= Marina Gamba =

Italian woman of the 17th century

Marina Gamba of Venice (c. 1570 in Venice – 21 August 1612 in Padua) was the mother of Galileo Galilei's illegitimate children.

== Relationship with Galileo Galilei ==
During one of his frequent trips to Venice, Galileo met a young woman named Marina, daughter of Andrea Gamba, and started a relationship with her. She moved into his house in Padua and bore him three children: Virginia (16 August 1600 – 1634), later Sister Maria Celeste; Livia (1601–1659), later Sister Arcangela; and Vincenzo (1606–1649). In none of the three baptismal records is Galileo named as the father. Virginia was described as "daughter by fornication of Marina of Venice," with no mention of the father; on Livia's baptismal record the name of the father was left blank; Vincenzo's baptismal record announced "father uncertain" (Galileo's Daughter 24, Dava Sobel, 1999). Galileo's position as a professor and his many friendships among the Venetian nobility probably made it unwise for him to figure officially as the children's father.
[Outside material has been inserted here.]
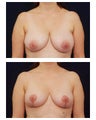 Breast Lift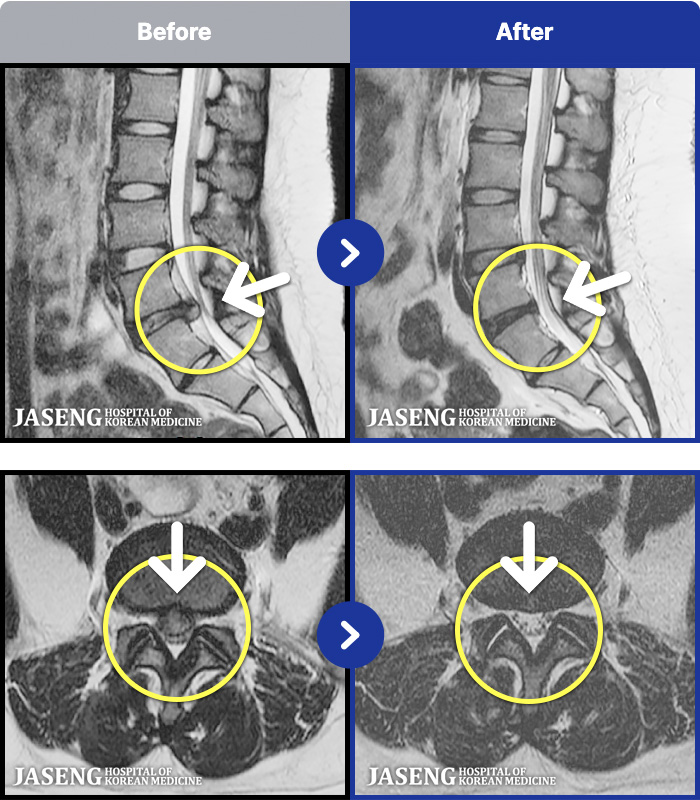 인천자생한방병원 치료 전후 MRI 비교 이미지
When Galileo left Padua for good in 1610 to take up his position at the Medici court in Florence, he took the two daughters with him but left their mother behind with 4year-old Vincenzo, who joined his father in Florence a few years later.

With Marina no longer in the family, Galileo put his two daughters in a convent and managed to have Vincenzo legitimated by the Grand Duke of Tuscany. In his 1619 request for this, Galileo declared that at the time of his cohabitation with Marina, she "had never been married" and was "already dead" at the drawing up of the act. Vincenzo studied law and later became a lutenist like his namesake grandfather. He died in 1649.

== Confusion with Marina Bartoluzzi ==
Marina Gamba is often confused with Marina Bartoluzzi, who looked after Vincenzo while Galileo was settling in Florence, resorting to the sale of a lute to pay for her services. She was long believed to have remarried to a certain Giovanni Bartoluzzi, but it has been proven that they were two different persons.